The stakes are high for marketers and radio alike. Year to date, spot radio-by far the largest radio segment at 96%-has been an $816.6 million market.

Many agencies are reviewing a report from Arbitron on post-buy analysis.

Post-buy analysis is the process of reviewing a buy after spots have run to determine if buying criteria were met.

Arbitron's recently completed study, "Radio-Schedule Audience Estimate Reliability," questioned if available data were accurate enough to narrow buys down to specific hours. "It quantified some axioms about audience estimates," said an Arbitron spokesman, listing such adages as "bigger samples are better" and "broader demos are more reliable."

Last spring radio broadcasters were up in arms after a posting plan from Young & Rubicam, which has spearheaded the idea, was made public. But, when the agency's focus appeared less directed to make-good guarantees and more about a fair rotation of radio spots, broadcasters relaxed somewhat.

One early opponent, Emmis Broadcasting President Jeff Smulyan, said, "We're all in this together, ad agencies are our partners. We think posting doesn't fit but [fair rotations] are a legitimate issue, though guarantees are different."

Y&R, which is developing software with Donovan Data Systems, New York, plans to implement a posting methodology before the end of the year.

DDB Needham Worldwide, J. Walter Thompson USA and others also expect to implement posting programs of their own soon.

"We want to establish the fairest way of looking at the numbers," said Maggie Ross, senior VP-director of local broadcast and network radio at Y&R. "Arbitron has proved they are postable."

Still, the issue has created a rift in the ad community. Dennis McGuire, VP-associate director of broadcast at the Media Edge, New York, called post-buy analysis "a worthless and time consuming process" due to the additional processing required. "Of course we should provide accountability but it should be up to the buyers to know their stations and markets," he said.

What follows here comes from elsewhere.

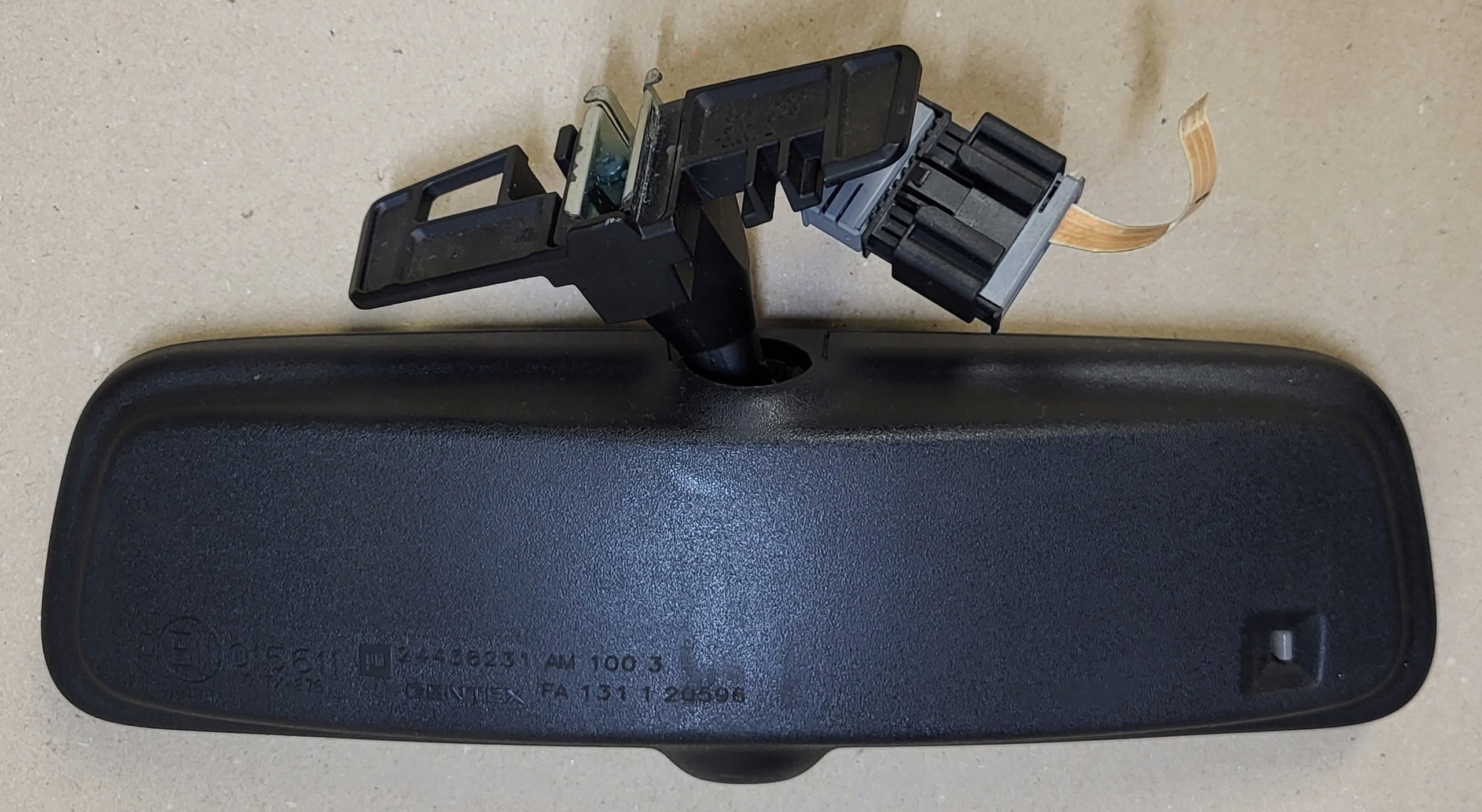 mirror inner reversely OPEL SIGNUM VECTRA C OE EU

Howard Nass, senior VP-spot broadcast director at FCB/Leber Katz Partners, New York, said, "The Arbitron study hasn't changed our point of view one iota. The big problem is radio listening is very fractionalized. ....sample size is why there are fluctuations."

But both Arbitron and Y&R are confident in the data for posting purposes. "The study addresses the reliability of our estimates with a particular use," said the Arbitron spokesman. It is the fourth time in 20 years that Arbitron has examined the reliability of its radio ratings.